Tey is actively working on providing identity-registration on the Blockchain and inspired us with his out-of-the-box solution to the global lack of birth-certificates.
When Tey was in Ghana, he saw the local building where official local information was stored. A wooden building with endless shelves filled with paper. When he asked how these documents were protected, the tenant answered ‘We pray to God’.
In situations where documents are vulnerable to off-the-record adjustments, or when there is a risk of losing them, recording those on the Blockchain might be a solution. Bureaucratic processes of applying, checking and validating documents could be arranged by Blockchain. Why would a brand-new father need to walk for hours for a birth-certificate when it is possible for the midwife to register the baby through 3G in a system that will never forget his or her existence? In addition, for many refugees, a secured identity on the Blockchain will positively influence their search for exile. On the flip side, history taught us that a detailed storage of identity can have negative counter-effects… It is important not to treat the Blockchain as the holy grail, but to remain critical!

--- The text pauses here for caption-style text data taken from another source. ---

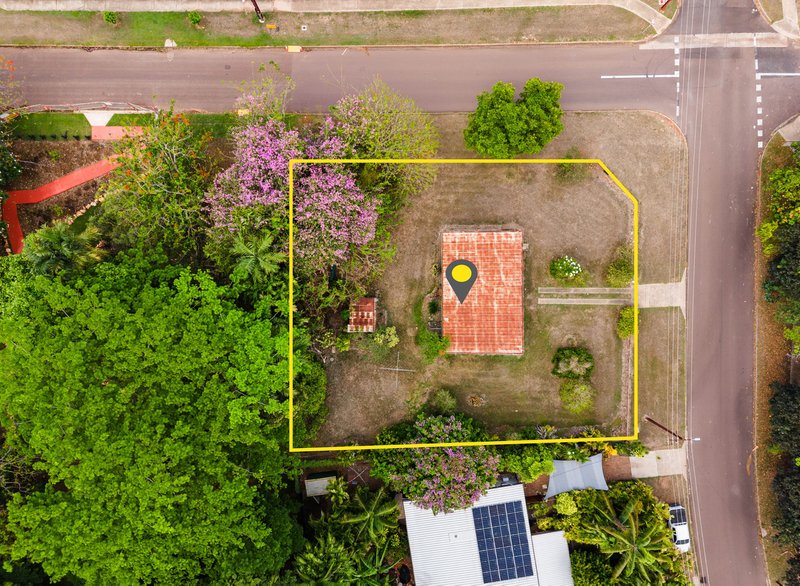 Photo - 12 Queen Street, Stuart Park NT 0820 - Image 5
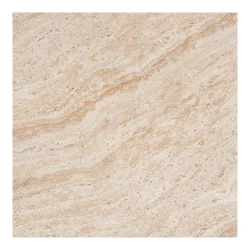 HOUSE NORDIC BONN SOFABORD - 75�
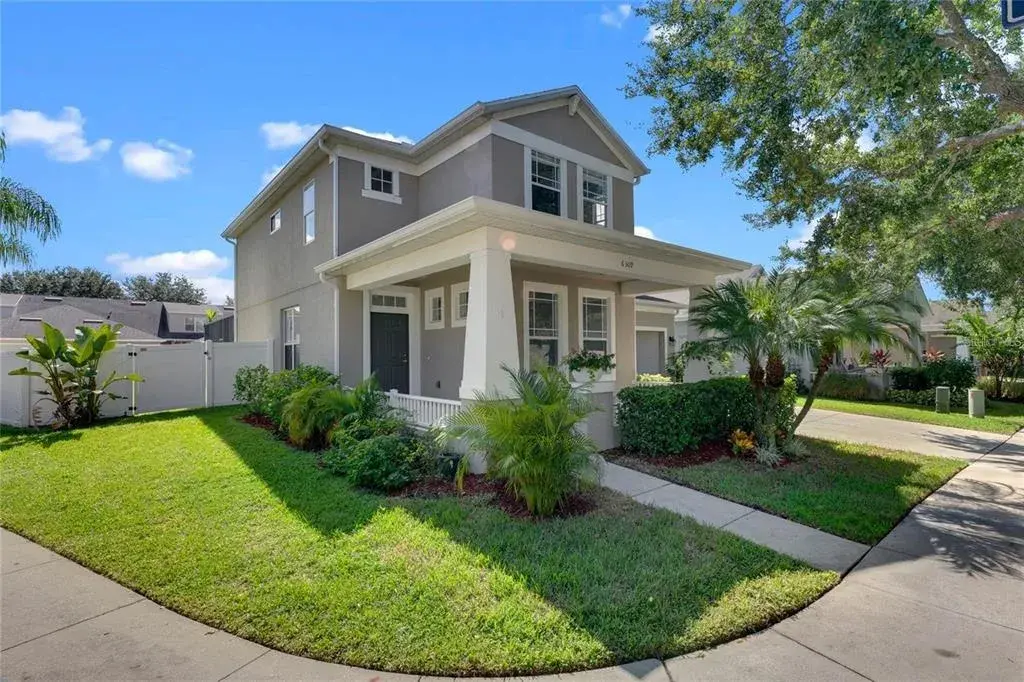 Property for sale at 6309 EARTHGOLD DRIVE, WINDERMERE, FL, 34786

During the afternoon, it was often questioned how to overcome the difficulties on human-digital transaction: at some point the analogue information should be transferred to the digital network. How to make sure that this transaction is trustworthy? One still needs to trust the midwife to fill in the correct weight of the baby. Who has the power to proof documents to be ‘correct’?
Even though Blockchain is a digital network, real people have to put the information on the Blockchain, and real people have to give the first approval. How to transfer human-activity into the Blockchain remains a difficult question. However, trusting human activity is something we now rely on too and is hard to replace completely.